Thank you very much.
I wouldn't necessarily trust the results of clustering structures of differing composition/lengths. (e.g. some of only heavy chains and some of HC+LC). In order to compute the rmsd, you need to be able to match up residues in the structures, and if you have differing lengths, the rmsd between the two structures might not be accurate. Either cluster your HC and HC+LC structures separately, or extract just the HC from the HC+LC structures so that all the structures are of the same length.

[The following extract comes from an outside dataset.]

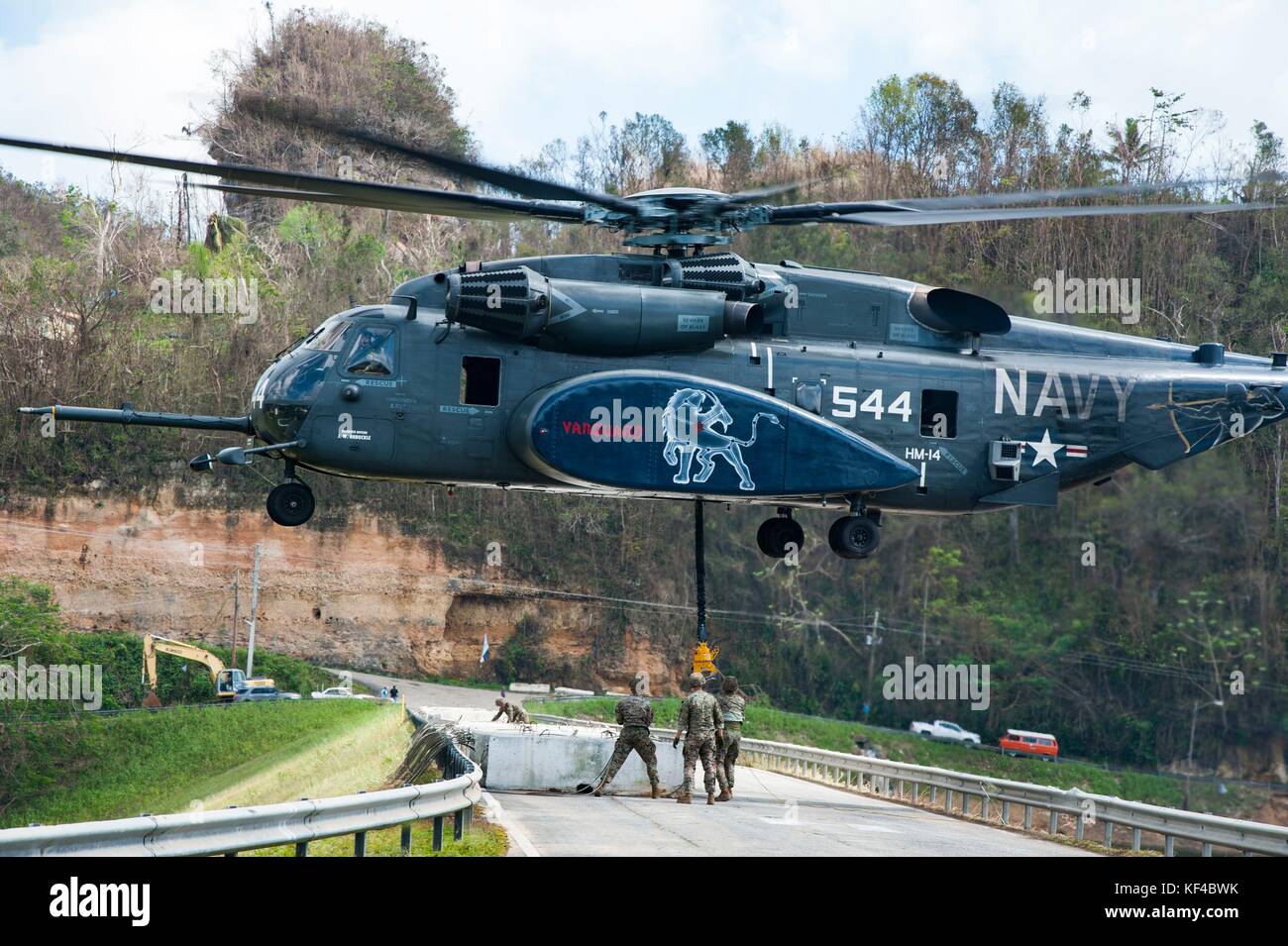 A U.S. Navy MH-53E Sea Dragon helicopter transports concrete barriers to  repair the Guajataca Dam during relief efforts in the aftermath of  Hurricane Maria October 7, 2017 in Quebradillas, Puerto Rico Stock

I wouldn't expect the clusters to be the same, as they use slightly different algorithms. For efficiency, Rosetta clustering only does an all-against-all matrix for a limited number of structures (400, I believe), finds seed clusters from those structures, and then extends the clusters based on the new structures. (Adding new clusters as needed.) Calibur, as I understand it, has some tricks such that it can efficiently work with a larger number of cluster pairings, so it doesn't have to do the seed-and-grow process. (Note that due to algorithm differences, you would expect different clusters even with under 400 structures.)
Rosetta's clustering.py will work with a large number of structures. (It doesn't have a hard maximum). It's just that the type of clusters you'll get will be different than if you theoretically did a "full" all-against-all clustering. The way Calibur works allows it to get closer to the theoretical ideal. If the first 400 structures are representative, though, Rosetta clustering should be "close enough" for many applications, especially if you just want the biggest clusters.
Hi R Moretti,
Thank you very much for your help.
I will only include structures with same compositions.
I get it that the outputs from the two methods are supposed to be different. I will use Rosetta's clustering.py.